Although the spate of violence surrounding Memorial Day was tragic, given what we know about American mass shootings trends, it was not entirely unpredictable. As James Alan Fox, an expert on large scale gun violence at Northeastern University, told VICE about a month ago, any occasion that gets more people out on the street increases the chance shooters will find folks they want to shoot, and that bystanders might be injured. Warm weather draws out a fair number of people already; add a holiday known for communal gatherings on a weekend (which already tend to be cluster points for mass shootings), and it stands to reason you dramatically increase the probability of tragedy.

It's possible that the holiday even played a role in Garza's rampage. Associate director of the Harvard Injury Control Research Center Deborah Azrael told VICE back in February that large, random attacks like his are actually less common on weekends than most mass shootings. But they do tend to occur when shooters know people will be gathered in public spaces.

This doesn't mean that a warm summer guarantees a bloody Fourth of July or Labor Day. There's still a degree of randomness in mass shootings. We had a bloodier week than this one, for example, at the end of April, with 13 mass shootings—including the Piketon, Ohio, massacre—leaving 15 dead and 44 injured. Yet that week was cooler than this one, with not a holiday in sight and a fair chunk of the violence occurring on weekdays rather than weekends.
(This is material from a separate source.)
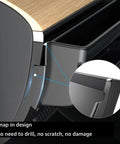 Dashboard Organizer For Tesla Model Y And Model 3 Left Side Dash Storage Box With Sunglasses Holder and Phone Mount installation close-up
We could have a bloody summer, a calm one, or chaotic peaks and troughs of violence where we'd least expect them. That's arguably more troubling than a guaranteed summer of violence, as randomness has a tendency to lull us into a false sense of security when it contradicts feared outcomes, and then to bite us with the unexpected and unmanageable. So while we're likely to see some nasty peaks of carnage in the coming weeks, if we don't, we can't let down our guard. Because the threat of a sudden and catastrophic mass shooting is always out there, casting a shadow over American life.